About the Author: Beth Schlachter is a program officer in the Office of Population and International Migration at the Department's Bureau of Population, Refugees and Migration. She recently spoke with Todd Pierce, the Bureau's public affairs advisor.QUESTION: You've become the State Department's expert on the migration of health workers. What's the issue all about? And what does it have to do with the U.S. State Department?
MS. SCHLACHTER: The problem is that there is a massive global shortage of health workers – the World Health Organization (WHO) estimates a current worldwide shortage of around four million. This includes all categories of medical professionals, such as doctors, nurses and midwives. The migration of health workers from poor countries to rich ones contributes to keeping health care systems in many developing countries weak.
This is an issue with a big foreign relations component, so the State Department is involved in the U.S. government’s response. Discussions at WHO and the G-8 have focused on efforts to define international standards for the "ethical recruitment" of health workers, and on ways to mitigate the negative effects of migration on the heath care systems in poor countries.
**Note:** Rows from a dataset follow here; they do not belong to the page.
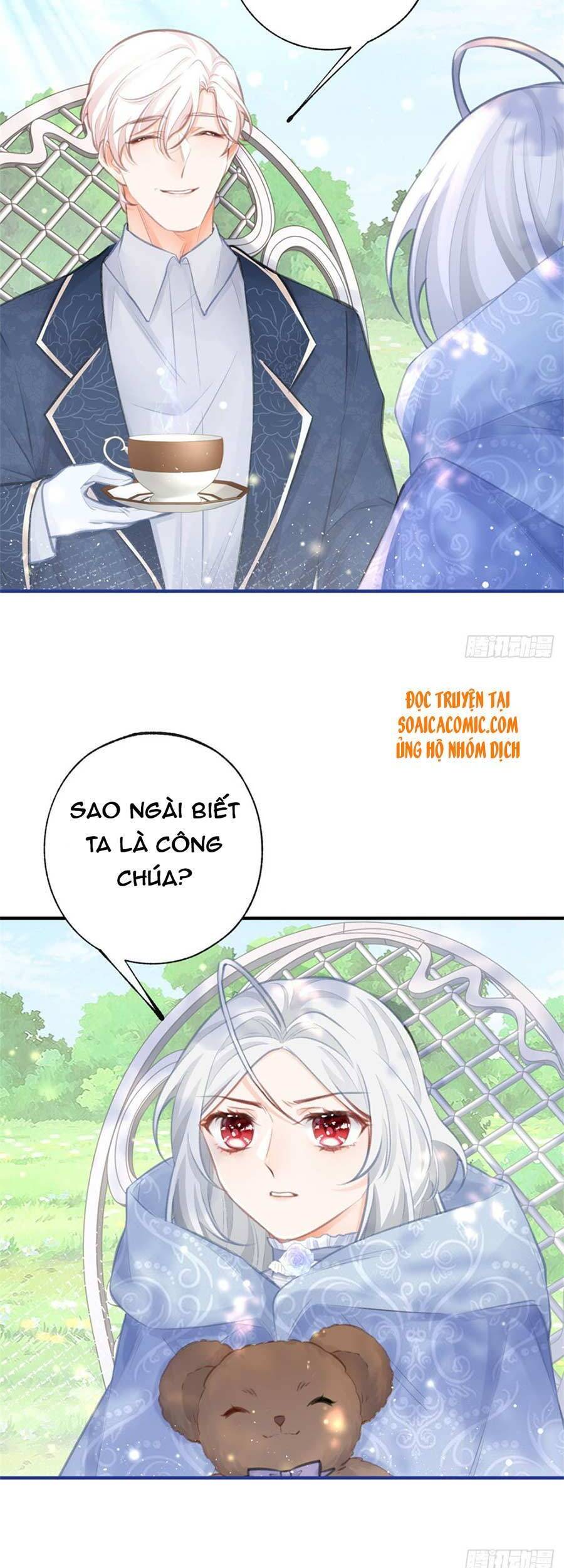 Ngày Nào Đó Trở Thành Công Chúa Tế Phẩm Chapter 18 - Trang 2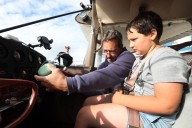 Kids take to the skies at Greater Moorhead Days fly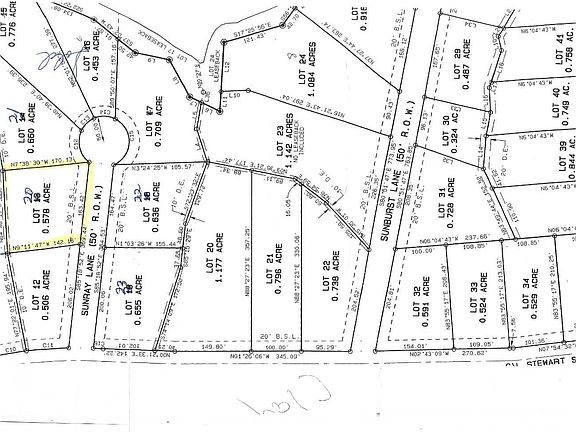 2nd image of 0 Sunray Ln #20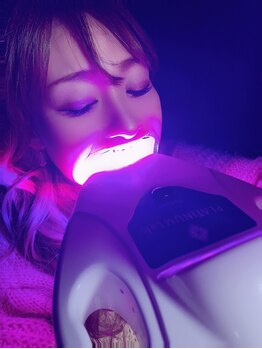 ライトビューティー 本八幡店(LIGHT BEAUTY)/ゆっくり寝ながらの照射も可能♪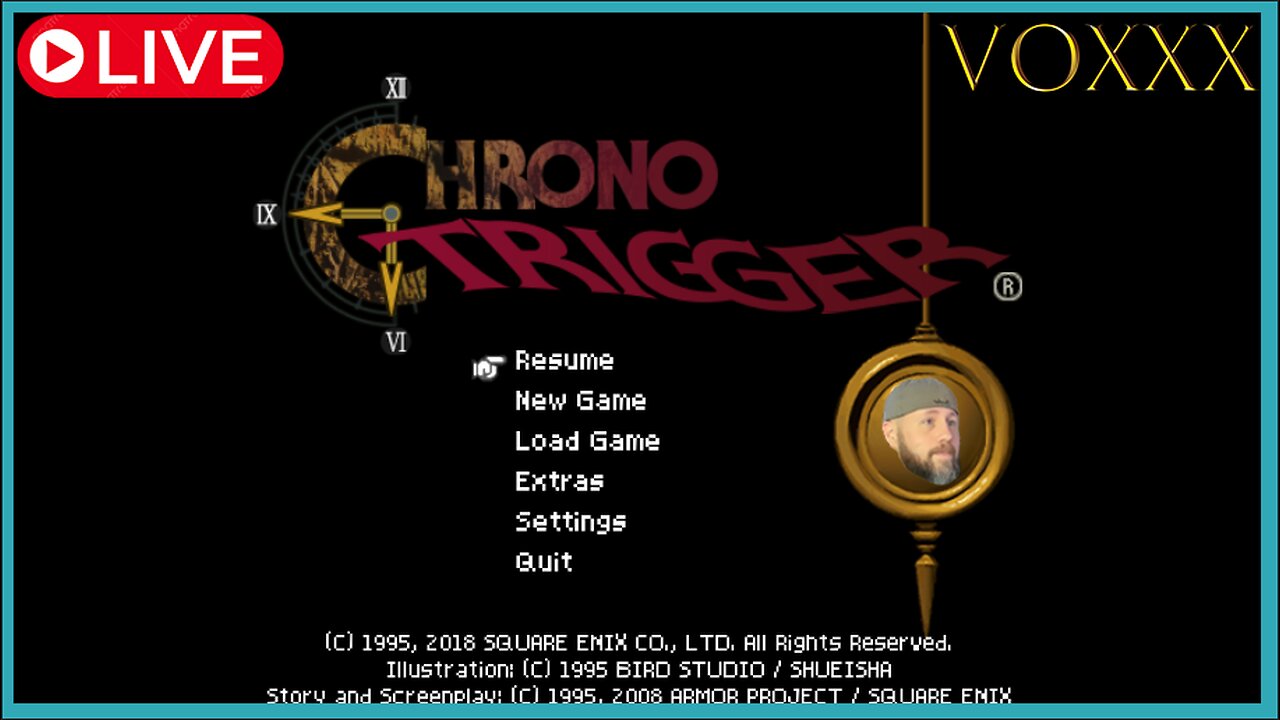 Chrono Trigger !!! - Classics for Studio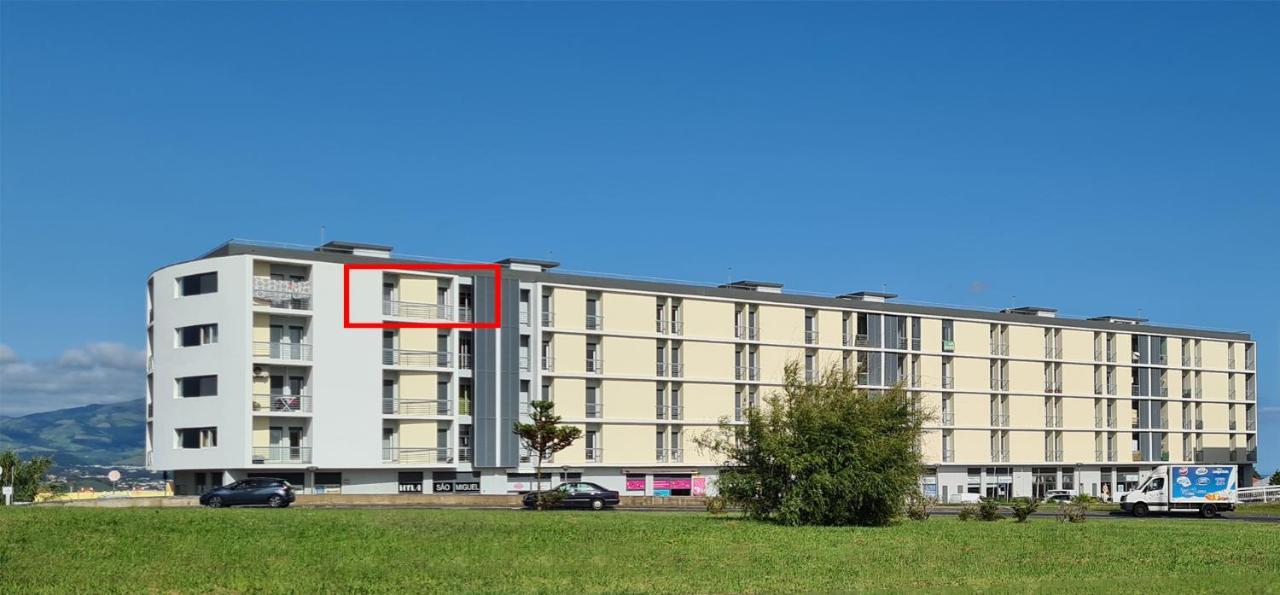 Apartamento Da Boa Vista Ponta Delgada  Ngoại thất bức ảnh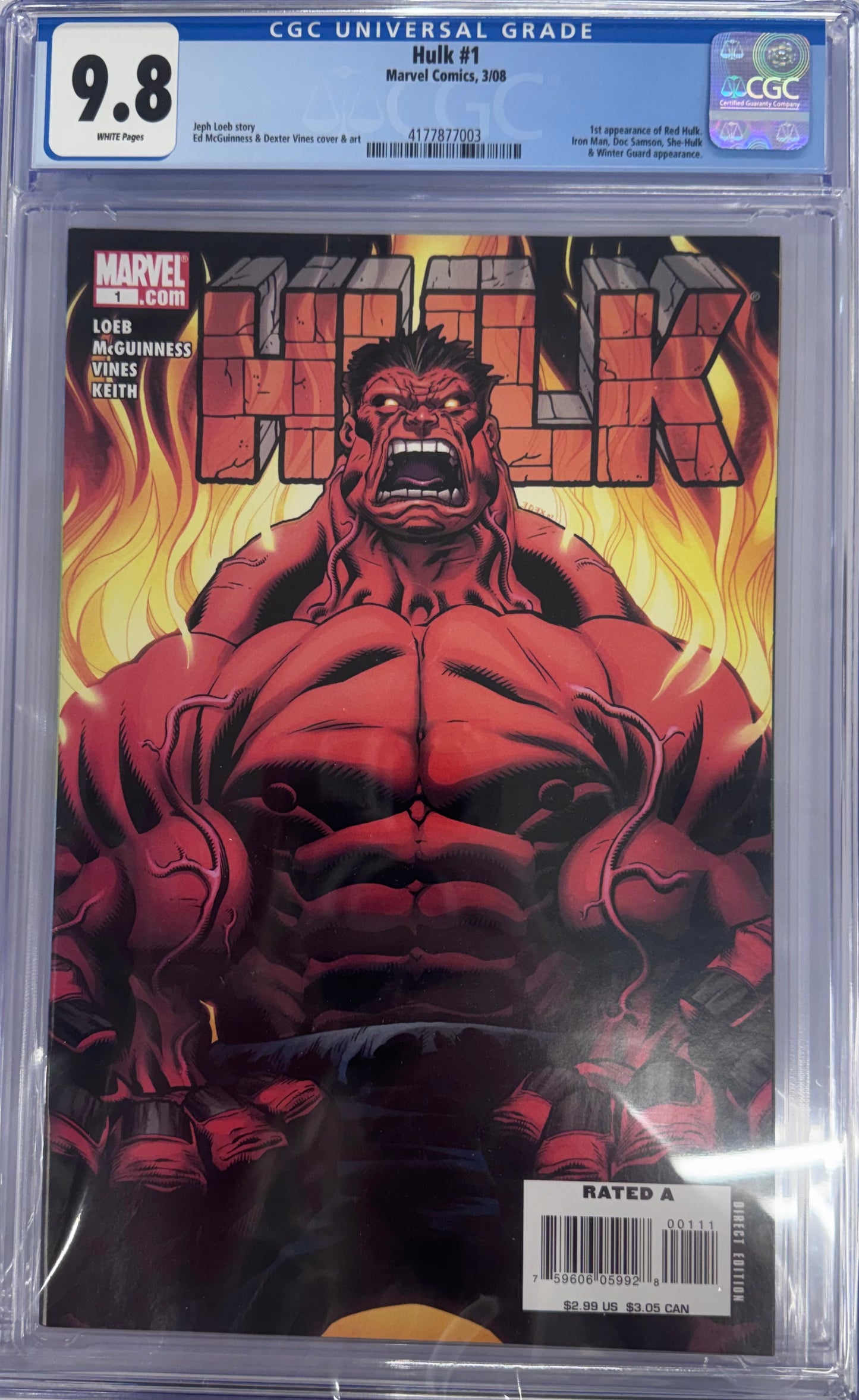 Hulk #1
However, since professionally trained health workers are in such high demand on the international labor market, we have a complex international phenomenon that isn't easily addressed. For example, some countries, such as the Philippines and Pakistan, produce excess health workers for overseas employment because they value the remittances these workers provide, and the Philippines has set up an effective mechanism to monitor the companies which recruit there. Other countries, such as Ghana, have been devastated by an exodus of health workers in the past decade, while still others, such as South Africa, are both migration "source" and "destination" countries for health workers.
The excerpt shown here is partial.